Sunday, April 20, 2014

Creating a Student-Centered Classroom

The student-centered classroom was the focus of a recent middle school Twitter chat. There are many interpretations of what a student-centered classroom should look like, but it generally means that the students do more work than the teacher.  The thought of moving towards a student-centered classroom is scary to many teachers.  It means handing over the role of chief instructor and some classroom control to, well in my case, twelve and thirteen year old students.  For those of you considering moving towards a student-centered classroom, I recommend starting off with some of the following activities.

Question Stations
Before or after reading a story or introducing a concept, create a series of open-ended questions.  Write each question on a piece of chart paper and post the papers around your room.  Pair off or group students and assign each student a question and a different color marker.  After giving each pair/group ample time to discuss and answer the question, tell the class to rotate to the next question.  After all pairs/groups rotate, repeat the rotation by having the students review the answers to the questions and notate what they think the best answer is with a symbol.  This should lead a to fruitful class discussion lead by either you or a student (students can take turns leading the discussion around a particular question).

Cross the Line
Place a piece of tape (or other point of demarcation) down the center of your classroom.  Ask questions related to your content (example: Do you think that the wolf in Little Red Riding Hood was strategic or evil?) and ask students to choose a side as well as be prepared to defend their answer. Allow students to change sides if a classmate provides a piece of information that makes them reconsider their original answer.  If you want the students to take total control of this activity, allow them to write their own questions and volunteer to serve as facilitator. Like Question Stations, Cross the Line has the added benefit of getting the students out of their seats and can be used as either a pre or post teaching activity.
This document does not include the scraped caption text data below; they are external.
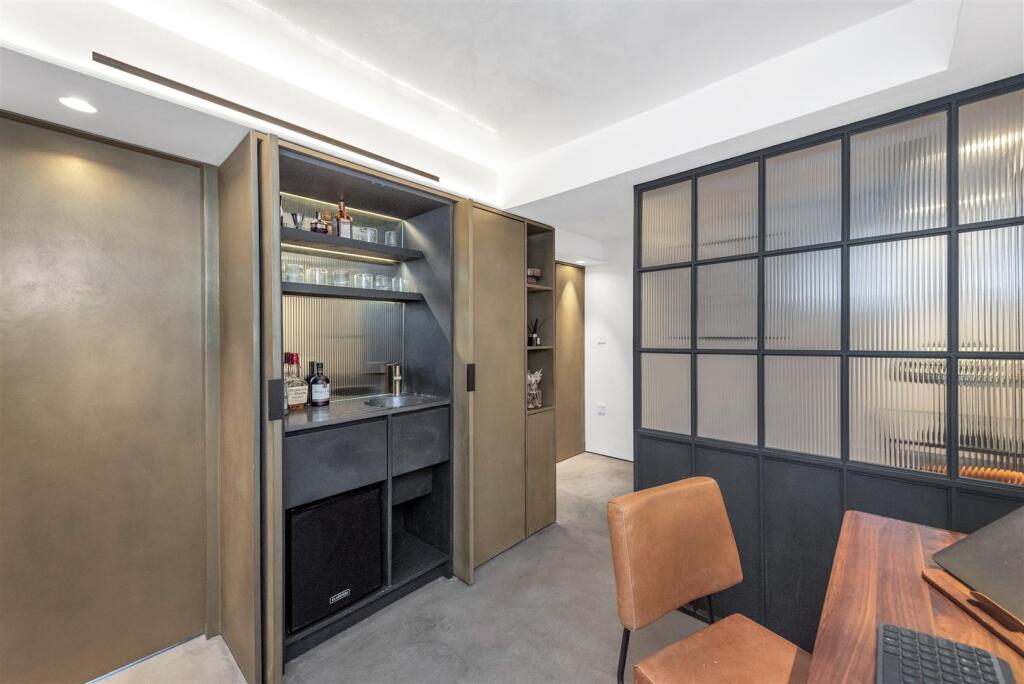 3-granby-court-19.jpg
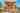 Cottage / chalet / bungalow (premium) 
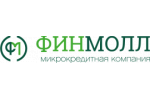 Займ под ПТС от Финмолл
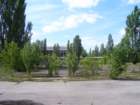 chernobylpripyat199_small.jpg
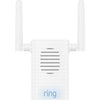 Ring Chime Pro White Plug-In Video Doorbell Chime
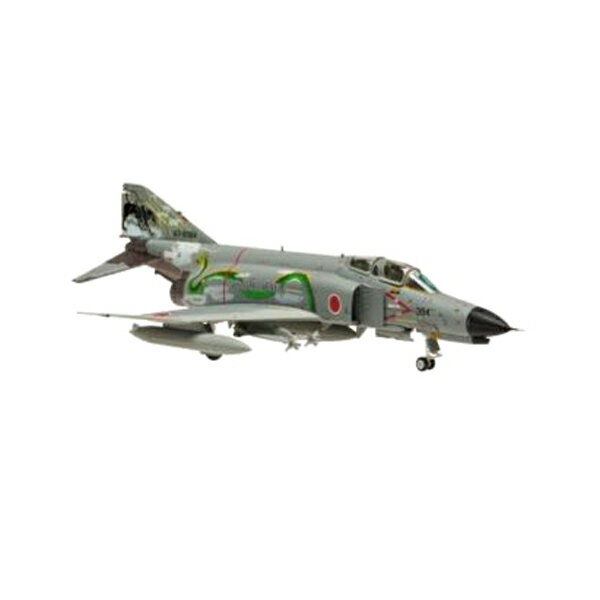 楽天市場】ミニカー 1/80 F-4EJ改 ファントムII 航空自衛隊 第8飛行隊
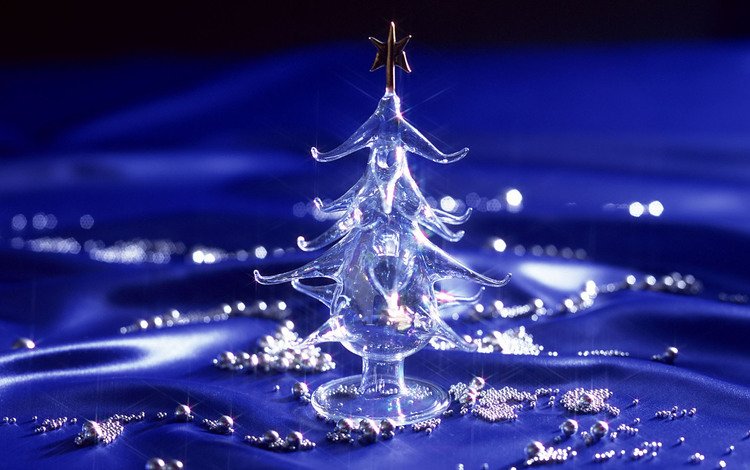 новый год, елка, украшения, new year, tree, decoration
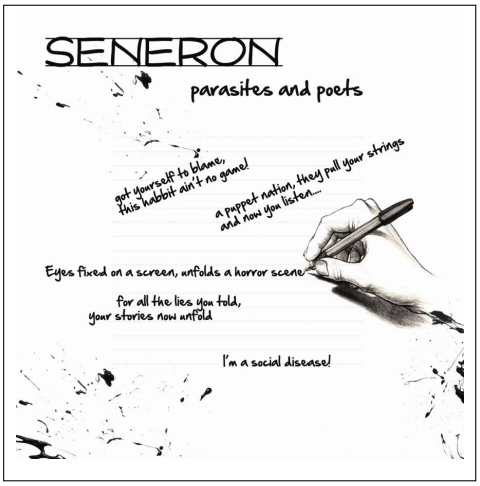 Seneron-cover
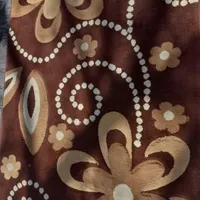 ۳عدد قالیچه فانتزی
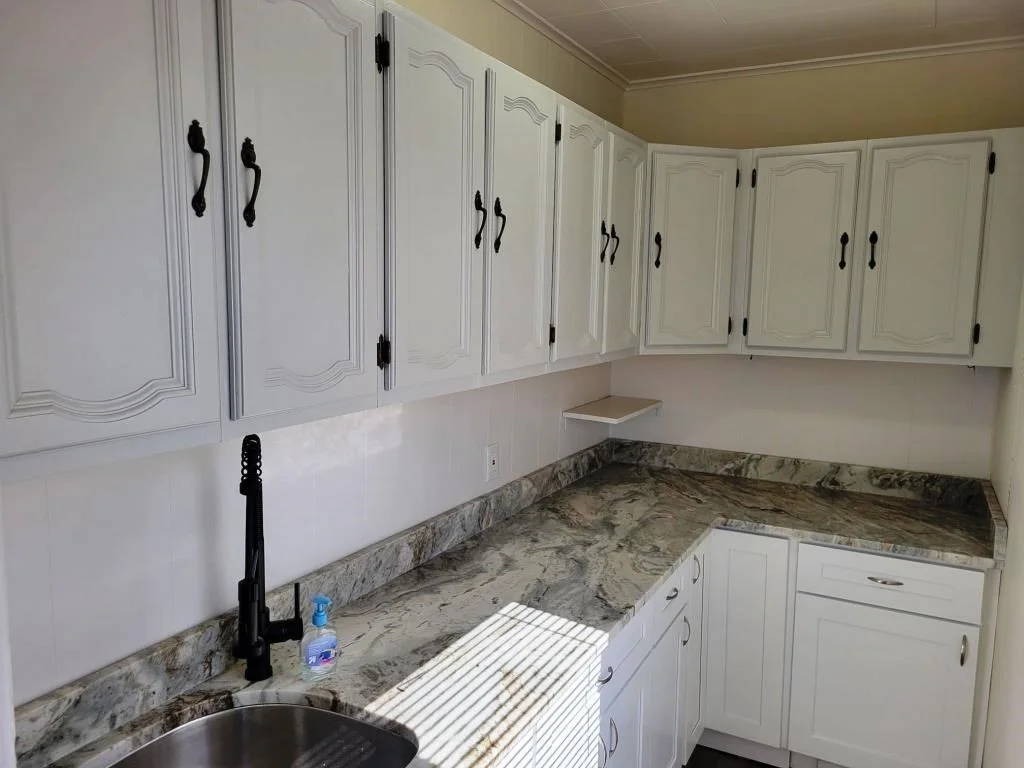 73 1/2 Esther St, Worcester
Student Facilitated Warm-Ups
My students complete a daily grammar and vocabulary warm-up.  While the expectation is that the students complete this activity quietly upon entering the room, my third period class (with 33 students) is a particularly chatty group and showed early signs of having difficulty following this expectation to my standards.  Rather than tear my hair out, I decided to allow the students to take ownership of this portion of the class.  A rotating pair of student facilitators is in charge of completing the warm-up, checking it with me, and then reviewing it with their classmates who must also quietly complete it and be ready to be called on by the student facilitators.  Since all students take turns facilitating, they know what it's like to be in front of the room with the fear that no one will be ready to participate, so they take the warm-up seriously.  The added bonus is that the class is quiet by the time I am ready to begin explicit instruction.

Do You Have Anything to Add?
OK, so this one was created in my classroom a few years ago during a formal observation.  I had assigned my students to complete a project on their iPad using a specific app and the plan was for the students to comply and complete the assignment while exhibiting outstanding student behavior and knowledge of the topic that was previously taught.  Since he had the audience of the vice-principal, one student decided to raise his hand and ask if he could use a different app.  When I responded that I was unfamiliar with the app, he offered to hook his iPad up to the LCD projector and show me and the rest of the class how to use it.  It was a hit and since then, I've allowed students to add to the list of approved apps, programs, and websites as long as they are willing to show me and their classmates how to use them.